Only the text of the records, copied exactly, is wanted; no pictures.

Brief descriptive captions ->
==*==
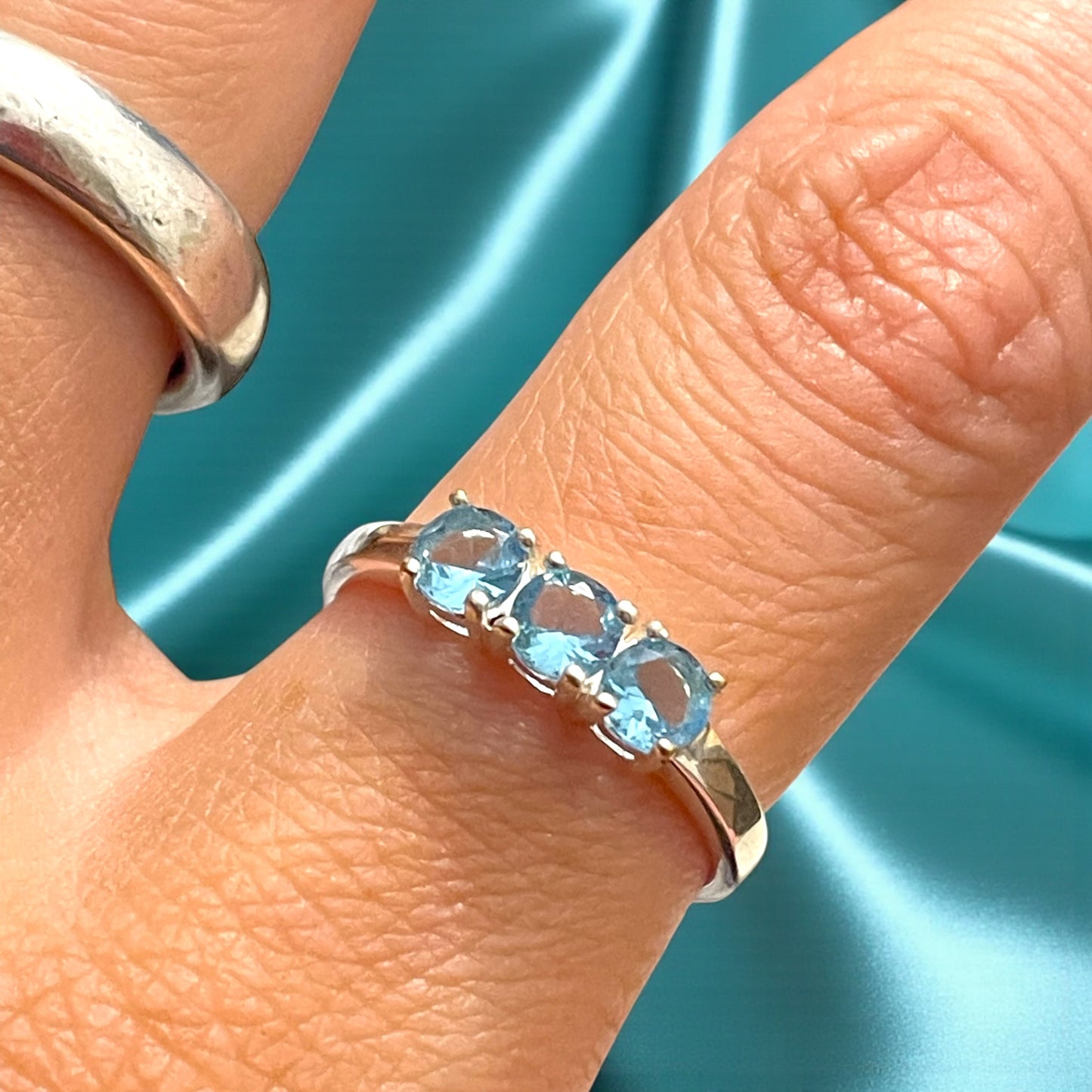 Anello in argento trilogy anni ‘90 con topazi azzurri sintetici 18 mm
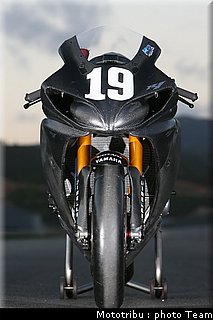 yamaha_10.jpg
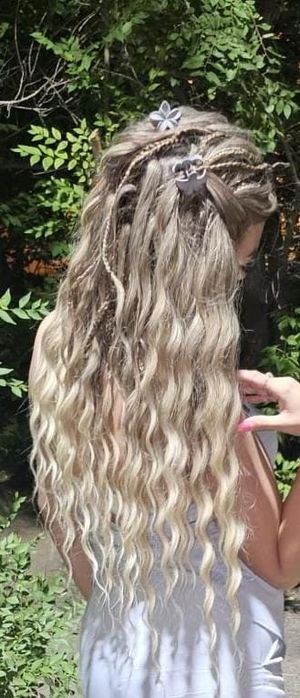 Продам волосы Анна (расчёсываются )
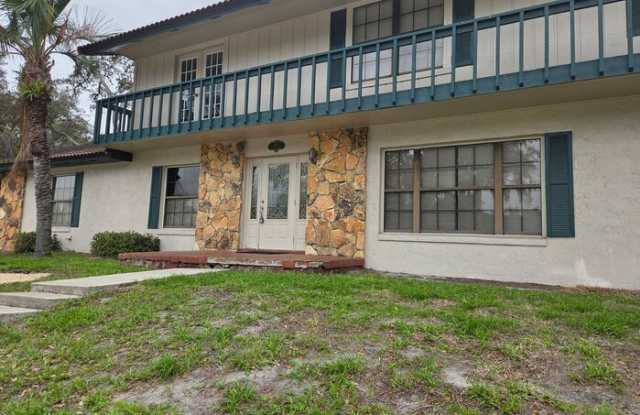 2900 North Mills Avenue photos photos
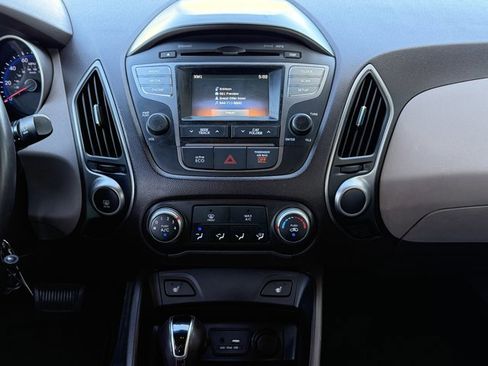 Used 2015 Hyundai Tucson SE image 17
==*==
The answer ->
 Anello in argento trilogy anni ‘90 con topazi azzurri sintetici 18 mm
 yamaha_10.jpg
 Продам волосы Анна (расчёсываются )
 2900 North Mills Avenue photos photos
 Used 2015 Hyundai Tucson SE image 17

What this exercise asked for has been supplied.